Following in the footsteps of @pmfox’s Rockbridge County Virginia Address Import, I am proposing a very similar import to be done for an area adjacent to that one. This import uses the same state dataset as Peter’s, and also uses the same scripts by @tekim used to process the data (thanks Mike! they worked great!).
While the scope of this proposed import is 3 counties instead of one, it will be carried out by a team of local Lynchburg mappers (myself included) using a shared OSM account created for this task. I have also split the data using QGIS into 400 batches of roughly 2-5 square miles- the median batch size is 115 addresses though the largest batch has 1,783 due to the varying density. This size should allow for a quick processing speed per batch, especially in rural areas where density and data conflicts are at a minimum.
The processed data can be found in this Google Drive folder, including a map for the 400 batches and their approximate size.
Here is the Wiki page- let me know your feedback, and feel free to reference the previous Rockbridge import for previously discussed issues and methodology- I have heavily referenced that thread for this import.
You are very welcome! I am glad they are being used and are of value. If you need any tweaks, please let me know. Like @pmfox 's project, this seems like a worthwhile endevor.
This sounds like a good plan vs. an “all at once” approach.
Might be better if everyone had their own import account, then if there are questions later the specific mapper will be notified of any changeset comments? But I am not sure…
I’m not sure what official standards are, but at maximum it would only be three of us. The DWG representative who approved the increased rate limit appeared to be fine with it!
As it has been two weeks without disapproval, I am beginning the import. I have completed 8 batches as a test, three of them large (>600). One of the issues from the python script was when a road ends in “Extension” - “Forest St Ext” became “Forest Saint Ext” The data is already processed, and this situation is rare enough to handle manually. The workflow using ColoredStreets and MapWithAI’s validator was enough to catch it.
The largest challenge is where addresses have already been mapped- significant progress by a local mapper in Altavista required a delicate touch, and I erred on trusting the existing data in areas where a ground survey was clearly completed. For the town of Bedford, it appears someone has added many buildings and addresses using MapWithAI, and the address data matches up 1:1 with my import. In this case, conflation returns almost no conflicts.
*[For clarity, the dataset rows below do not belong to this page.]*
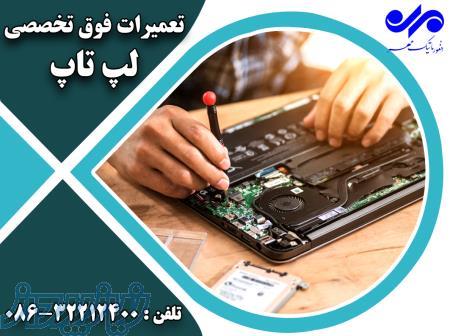 تعمیرات فوق تخصصی لپ تاپ 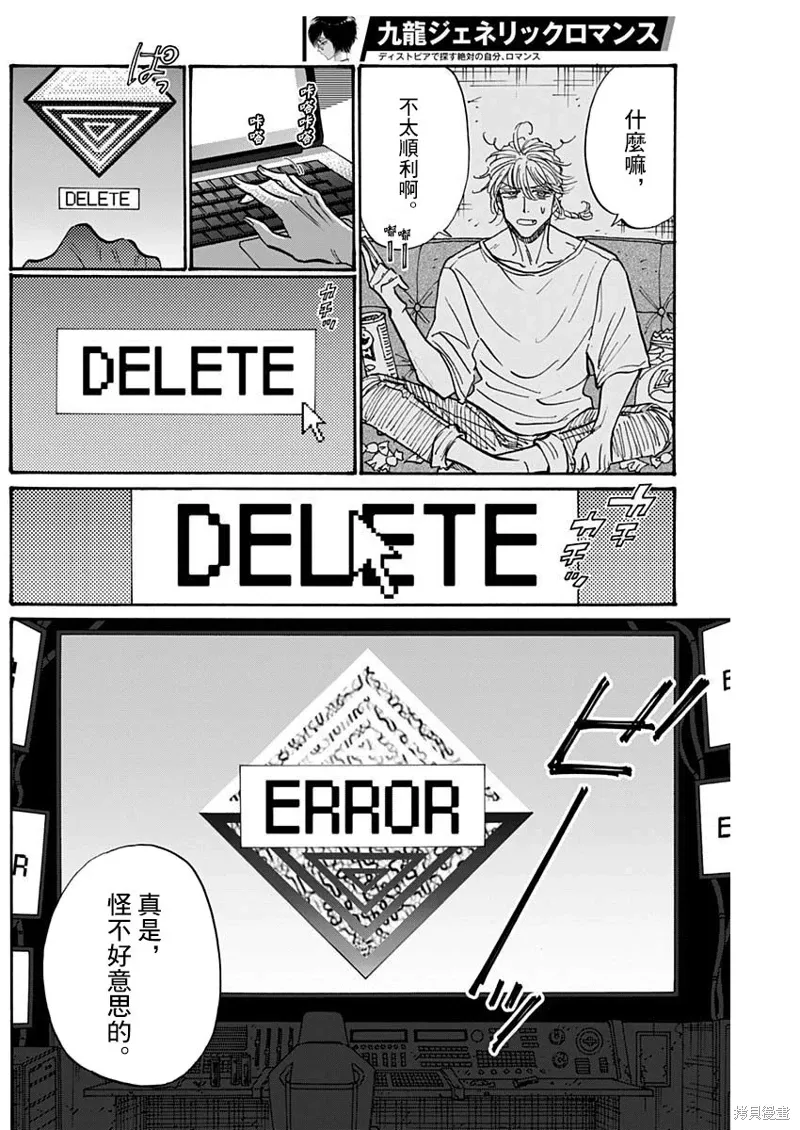第89话 第14页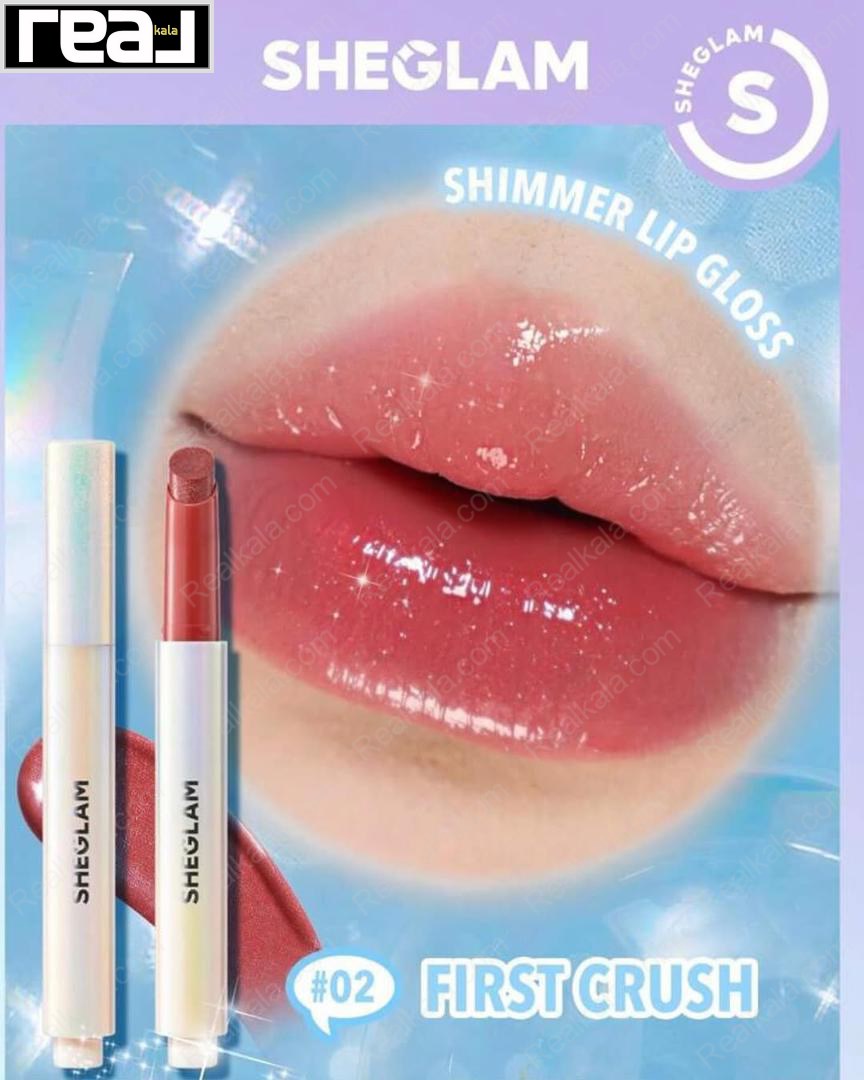 تست روی لب رژ لب قلمی شیگلم رنگ First Crush اکلیلی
The majority of the working region is unmapped and most batches have not needed conflation, just QA validation on road names and spatial location.
Great to hear that you are making progress and thanks for the detailed report. Was it one of my scripts that messed up “Forest St Ext”? I can try and fix it for the next Virginia address import.
Yes, it looks like there needs to be some multiple suffix handling when it ends in EXT. It looks like the script didn’t treat “ST” as a suffix since it wasn’t at the end of the string. Should be pretty simple to implement. Thanks!
As of today, November 7th, the import is complete except for clean-up. All 400 batches have been imported into OSM.
Some conclusions based on working with the data:
Campbell and Bedford county’s data were the easiest to work with, and node location was nearly always dead-on to VGIN’s aerial imagery.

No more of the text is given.